En parallèle des besoins agricoles, comment les entreprises et les industries envisagent-elles les prochaines décennies en Californie ? Le manque d’eau pourrait-il provoquer leur départ ?
Pendant longtemps, les décisions gouvernementales de rationnement s’adressaient essentiellement aux citoyens et protégeaient le secteur agricole. À l’avenir, si les entreprises voyaient la sécurité de leur approvisionnement remise en cause, perturbant ainsi leur chaîne de valeur, un mécontentement se ferait largement sentir. Le gouvernement californien en a pleinement conscience et doit faire face au même mécontentement au niveau du secteur urbain.

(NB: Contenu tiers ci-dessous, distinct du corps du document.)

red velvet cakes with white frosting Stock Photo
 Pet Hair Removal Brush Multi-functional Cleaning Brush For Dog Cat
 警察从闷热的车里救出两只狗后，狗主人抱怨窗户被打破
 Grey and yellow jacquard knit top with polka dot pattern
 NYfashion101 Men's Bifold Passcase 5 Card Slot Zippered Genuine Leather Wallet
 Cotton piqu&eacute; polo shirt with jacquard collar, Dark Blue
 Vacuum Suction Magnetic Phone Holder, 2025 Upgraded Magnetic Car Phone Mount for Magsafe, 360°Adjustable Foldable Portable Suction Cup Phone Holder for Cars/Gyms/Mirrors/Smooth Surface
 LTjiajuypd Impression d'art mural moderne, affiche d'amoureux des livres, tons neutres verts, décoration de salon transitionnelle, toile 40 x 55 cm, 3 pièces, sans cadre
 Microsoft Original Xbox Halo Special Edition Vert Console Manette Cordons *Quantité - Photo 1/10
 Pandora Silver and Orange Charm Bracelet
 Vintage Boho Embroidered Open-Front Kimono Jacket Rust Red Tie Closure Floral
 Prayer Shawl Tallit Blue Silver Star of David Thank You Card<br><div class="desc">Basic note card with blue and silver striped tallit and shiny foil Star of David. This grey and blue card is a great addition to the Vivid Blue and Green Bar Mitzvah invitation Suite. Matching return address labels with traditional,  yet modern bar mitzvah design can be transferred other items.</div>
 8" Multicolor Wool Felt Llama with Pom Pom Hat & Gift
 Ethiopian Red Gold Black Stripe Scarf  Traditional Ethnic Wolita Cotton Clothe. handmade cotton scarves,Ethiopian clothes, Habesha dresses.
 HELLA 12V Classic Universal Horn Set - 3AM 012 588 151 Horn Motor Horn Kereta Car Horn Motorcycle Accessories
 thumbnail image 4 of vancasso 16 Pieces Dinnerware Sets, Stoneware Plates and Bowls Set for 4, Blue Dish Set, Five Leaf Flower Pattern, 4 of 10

Des arbitrages sur les usages des ressources hydriques, qui allieraient équité et paramètres économiques, sont de plus en plus difficiles à faire, en Californie, en Arizona, ou au Nouveau-Mexique.
D’un point de vue juridique, dans le droit qui prévaut, par exemple en Europe, chaque propriétaire qui jouxte une réserve d’eau a le droit d’utiliser une portion raisonnable. À l’inverse, dans l’Ouest américain, le système de « première appropriation » est toujours en vigueur. En d’autres termes, une liste officielle définit les volumes à allouer aux différents utilisateurs inscrits. En général, les agriculteurs sont des utilisateurs dits « seniors », c’est-à-dire qu’ils ont la priorité sur les villes. Ce système est particulièrement pervers et encourage indirectement la consommation, car si l’on cesse d’utiliser certains volumes, on en perd l’usage. Les efforts des municipalités pour transformer cet héritage juridique, fondamental dans la gouvernance de l’eau dans l’Ouest, se heurtent à la résistance des acteurs agricoles.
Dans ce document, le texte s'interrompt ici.